20040928 Edit by castaway: Changed title from 'tenerif'

Replies are listed 'Best First'.
Re: search for exact word only
by Roy Johnson (Monsignor) on Sep 27, 2004 at 14:15 UTC
    What you want to do is match on a word rather than any part of a word. So mark word boundaries in your match. Your old code here:
    if($action eq '!='){ $match{$a} = 0 if $line[$position]=~m/\Q$key/i; } else{$match{$a} = 1 if $line[$position]=~m/\Q$key/i;}
    Can be rewritten like so:
    $match{$a} = ($line[$position] =~ m/\b\Q$key\E\b/i) ? 1 : 0; $match{$a} = !$match{$a} if $action eq '!=';

    Caution: Contents may have been coded under pressure.
      Please let me a little bit modify my problem.
      There is a number of names which consist of 2 or 3 words.

      For example:

      'Ministry Of Sound' or
      'Oliver Shanti & Friends'
      The user has remembered exactly only the first word ('Ministry'),the other words he has written incorrectly/with mistake.
      I want that this first 'exact' word was enough to find the full name - 'Ministry Of Sound'. Even if there will be shown additionally some other items than the user searched, the user can choose the right item.
      The main thing is to prevent code display of words just containing a required word as a syllable, like 'nistry' or 'inis'..

      I have no access to Perl modules, i use shared hosting. Its not clear for me where was meant to insert lines:
      use strict;
      use warnings;
      use CGI::Carp::FatalsToBrowser();

        The solution I provided solves the problem you describe here. It matches on word boundaries, it does not require the entire string to match.

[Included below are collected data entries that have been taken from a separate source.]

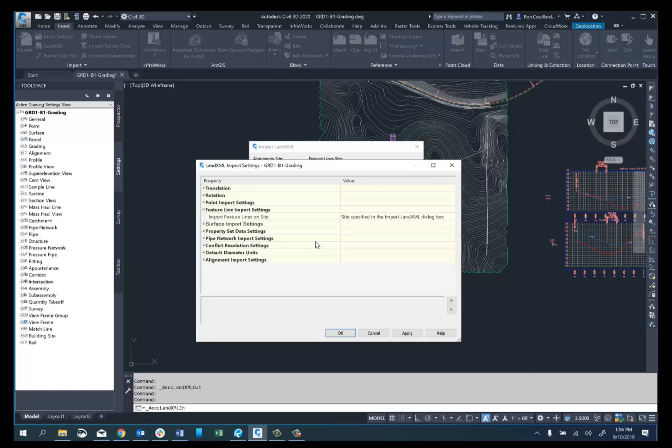One thing I call out in the blog about this, which I see as a useful function: if you ever have a bunch of feature lines in your drawing and they start misbehaving or getting corrupted, rather than having to recreate them, you could try to export them out to an XML file, then bring them back in and see if that takes care of it. That's about it for that feature with 2020.1. Hope you find some good use out of it.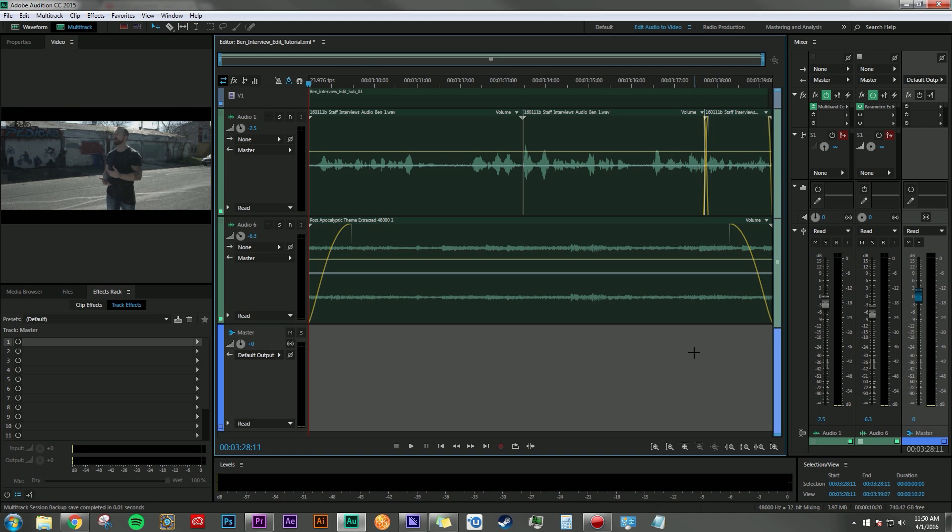So all in all, I hope these three simple steps give you guys a better understanding of maybe a more efficient workflow to make your dialogue and music mix a little bit better without going through all the hassle of adjusting each clip individually and hopefully saving you guys a lot of time in the end to get your project done faster.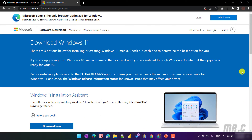Firstly, you have to download Windows 11 from the internet. You go to Microsoft.com and find Windows 11 to download the ISO file. I will also put the link for this download in the description of this video.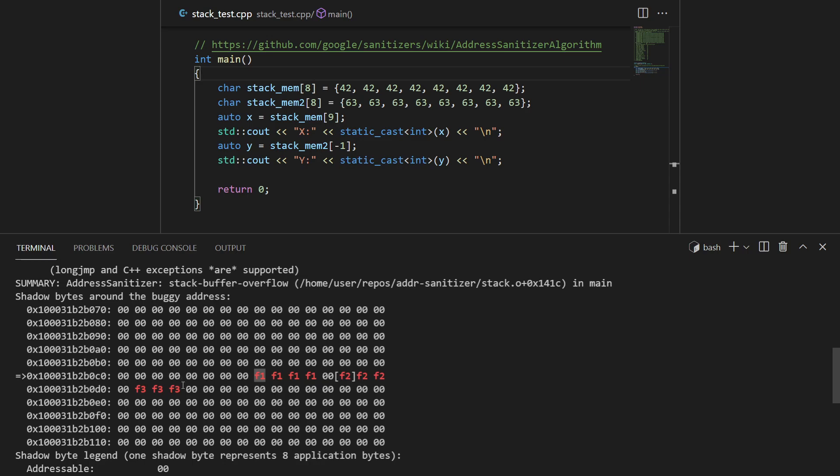What compiler has done for us is it has inserted this f1 before stack_mem, so just to roughly show you this is how it could have done it: fill it with 0xff1 and eight of them, and after that as well. After that we can see there's three of them, so that's 24 bytes.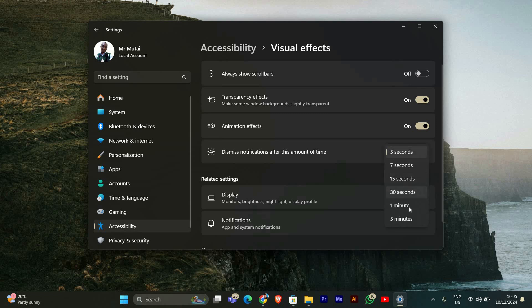You'll see a drop-down menu with options like 5 seconds, 30 seconds, and even 1 minute. Choose the one that works best for you.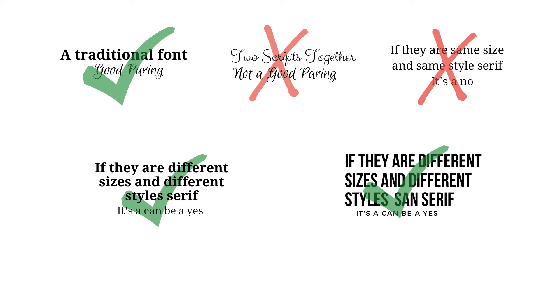So you can have two sans serif fonts together or serif fonts together, but as long as you're using different thickness or thinness and different size of fonts, that will actually help you.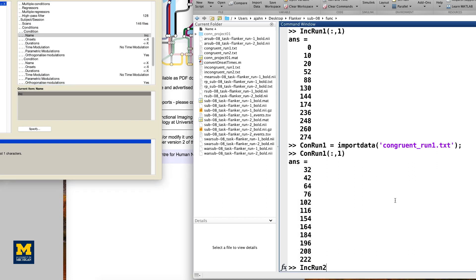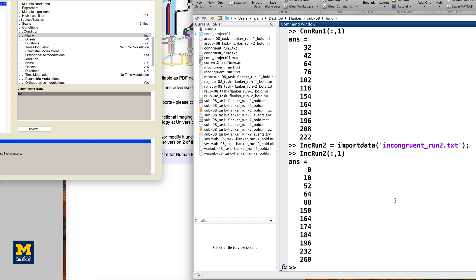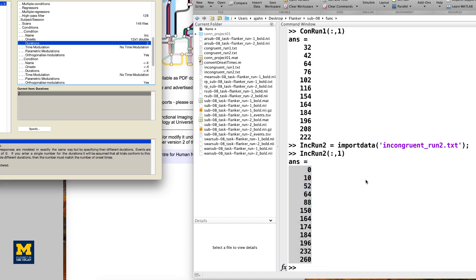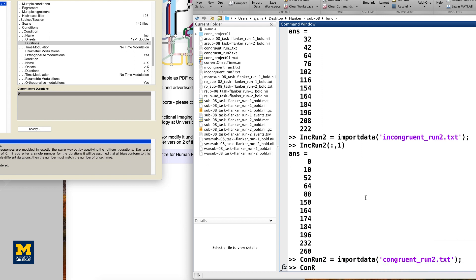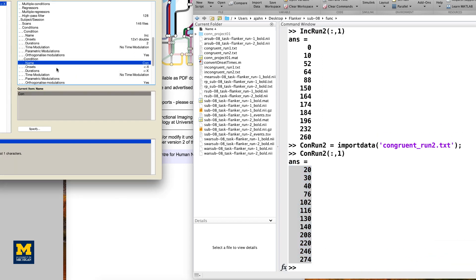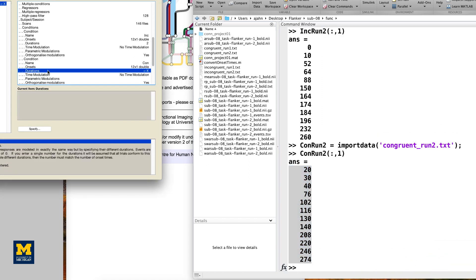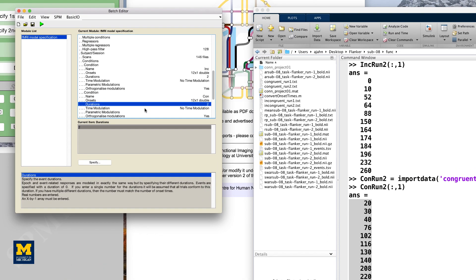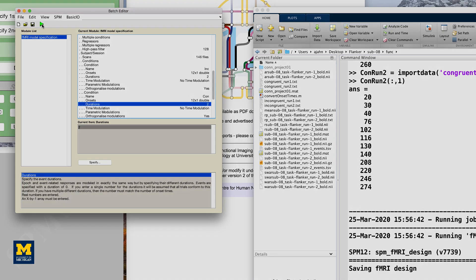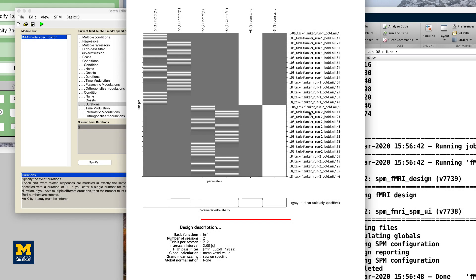Here, I'm typing the code that you'll need to display the onset times for each of the remaining conditions. When you are done, click the green Go button. The model estimation should only take a few moments. When it is finished, you should see something like this.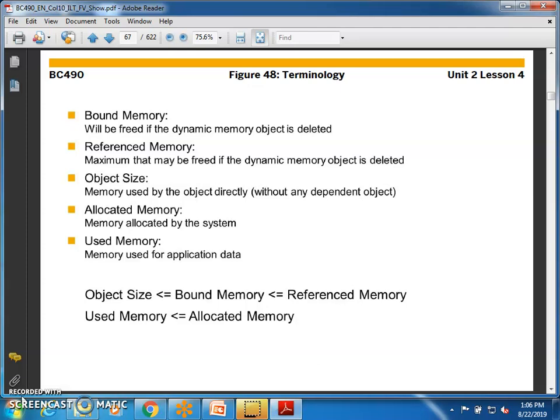Allocated memory is memory allocated by the system by default to a particular internal table, program, or transaction code. Even when creating a database table, there is memory allocation — you may recall the size category option where you specify how many records might exist, effectively allocating memory to the database table. Used memory is memory used for application data. All memory we are discussing is application server memory — temporary memory, not permanent database memory.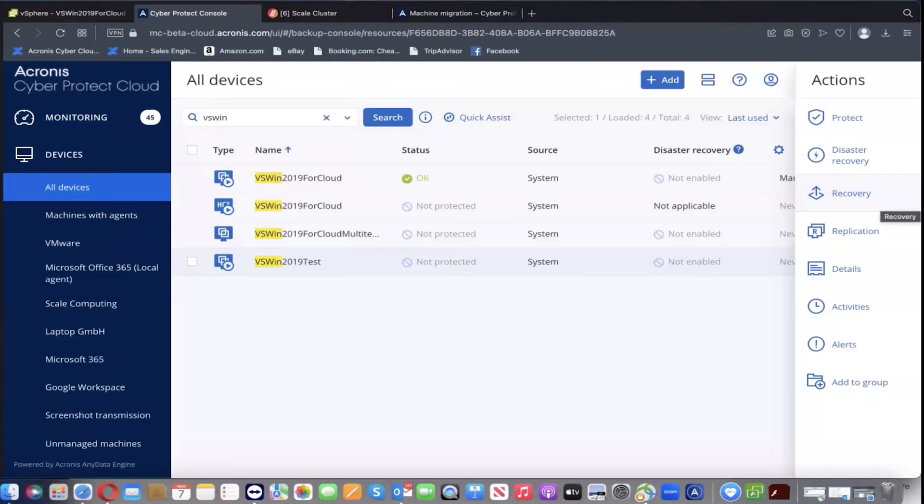I'll show you how to seamlessly migrate your VMware vSphere VMs to a different hypervisor without having to worry about guest OS driver compatibility.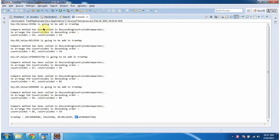And if you see the output, whenever we add key value pairs in the TreeMap, immediately compare method of descending country code comparator will be called in order to arrange the key value pairs in descending order based on the country codes.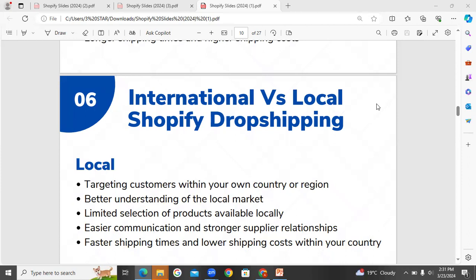In this class, we have a better understanding of the local market. In the local market, the customer demands are different as compared to international. Locally there are limited products available, whereas internationally there is a vast selection of products with many variations.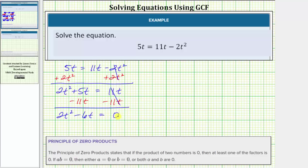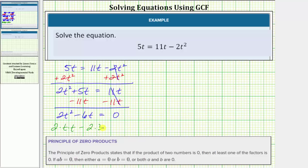Now that we have the right side equal to zero, we factor the left side. The first step in factoring is to factor out the greatest common factor. The greatest common factor between two t squared and six t is two t. We can verify this by writing two t squared as two times t times t, and six t as two times three times t. Looking at the factors of both terms, they both share a common factor of two as well as a common factor of t, which indicates the greatest common factor is two t.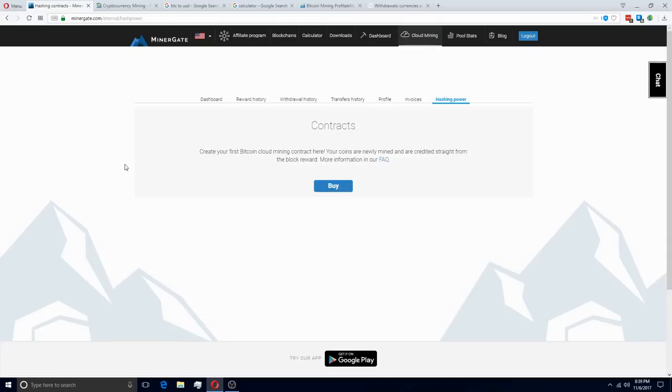Hello everybody, it's The Crypto Guru here and in today's video I'm going to be talking about Minergate. But I'm not going to be talking about their mining software, I'm actually going to be talking about their Bitcoin cloud mining contracts.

My solution did not include strict, warnings, or Carp, but strict and warnings are pragmas, and do not require external modules. Warnings is not supported in some versions of Perl, so you should rely on the -w option, in that case.

        Caution: Contents may have been coded under pressure.
        I have no access to Perl modules, i use shared hosting.

        I have used various web hosting providers, but I've always had the CGI module. I'm pretty sure it comes as standard with all Perl distributions, so it would be very unlikely that you don't already have it. If you genuinely don't have it, you should give your hosting provider a good kicking.

        By the way - the monk who advised using CGI::Carp made a small typo, which would give you an error. The line should be:

        use CGI::Carp qw(fatalsToBrowser);

        and this (along with use strict) should go straight after the #! line at the start of your file:

        #!/usr/bin/perl -w use strict; use CGI; use CGI::Carp qw(fatalsToBrowser);

        Hope this helps.


        s^^unp(;75N=&9I<V@`ack(u,^;s|\(.+\`|"$`$'\"$&\"\)"|ee;/m.+h/&&print$&
Re: search for exact word only
by muntfish (Chaplain) on Sep 27, 2004 at 14:19 UTC

    I haven't read through all your code (there's rather a lot of it) but in general if you want to search for an exact word, rather than any substring, you can use \b in a regular expression. For example, the following regexp:

    /\bABBA\b/i

    would match ABBA but not any of your other examples.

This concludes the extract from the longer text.